CSV_JSON/CSV_XML : Converted data from CSV to JSON and XML in Python
Parse_HL7_Msg/NoSQL : Parsed HL7 messages using the HL7apy Library in Python. Process and structure the data with UMLS concepts and JSON-LD Saved the JSON-LD document to MongoDB
NLP: Wrote functions that receive a string of unstructured text Send the text to Bioportal REST service Get the results(structured data) in JSON Parsed the results.

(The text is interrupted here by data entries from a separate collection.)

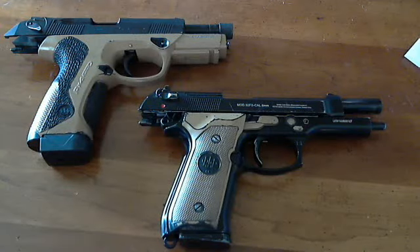Hey guys, Signing Master 51 here, or 1911man, here to do another review. Not really a review, actually — this is more of a comparison video of two great Beretta pistols that have really proven themselves.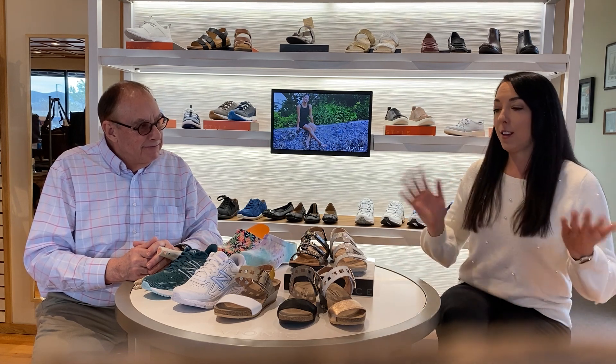So Alicia, take it from there — explain more about what we're all about here. I'd love to. I've seen my dad able to help so many people and ease a lot of their foot pain. So I encourage you, if you have any heel, foot, ankle, or knee pain, to come talk to him. Now let's talk a little bit about what to expect when you come into the shoe store.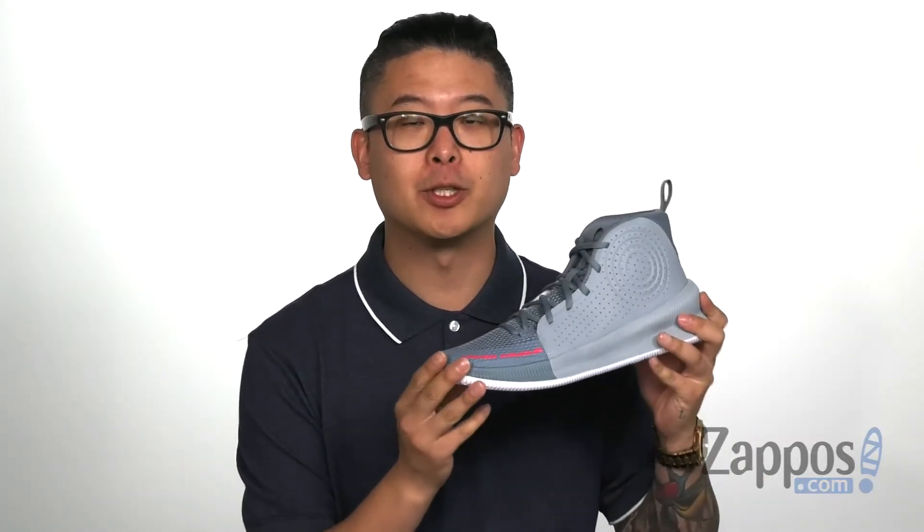For your next game, make sure you have a shoe that's going to keep up with you. It's a great basketball shoe from Under Armour — it's the Jett.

ETL/SQL: Read CSV files Performed ETL populated the appropriate columns into tables. Stored tables into relational database. Queried the database in SQL to answer questions such as:
- What are the admission ID's of patients with a diagnosis of "Asthma, Exercise Induced"?
- What are the admission ID's of patients with a diagnosis of "Asthma, Exercise Induced" as the primary diagnosis?
- How many admissions were there where "Emphysema" was a primary diagnosis?
- How many admissions were there where "Emphysema" was a secondary diagnosis?
- How many admissions were there where "Emphysema" was one of the first 3 diagnoses?
- How many patients were there where "COPD, NOS" was one of the diagnosis codes?
- What are the lengths of stay for all admissions?
- What are the lengths of stay for all admissions involving "COPD, NOS"?
- What is the average length of stay for all admissions?
- What is the average length of stay for all admissions involving "Heart failure, combined, unspecified"?
- How many patients have more than 1 admission?
- Of those patients with more than 1 admission, what is the average number of admissions?
ML/SVM: utilize numpy, sci-kit learn and matplotlib to train and test a support vector machine (SVM) to detect diabetes using the diabetes data set from the UC Irvine machine learning repository.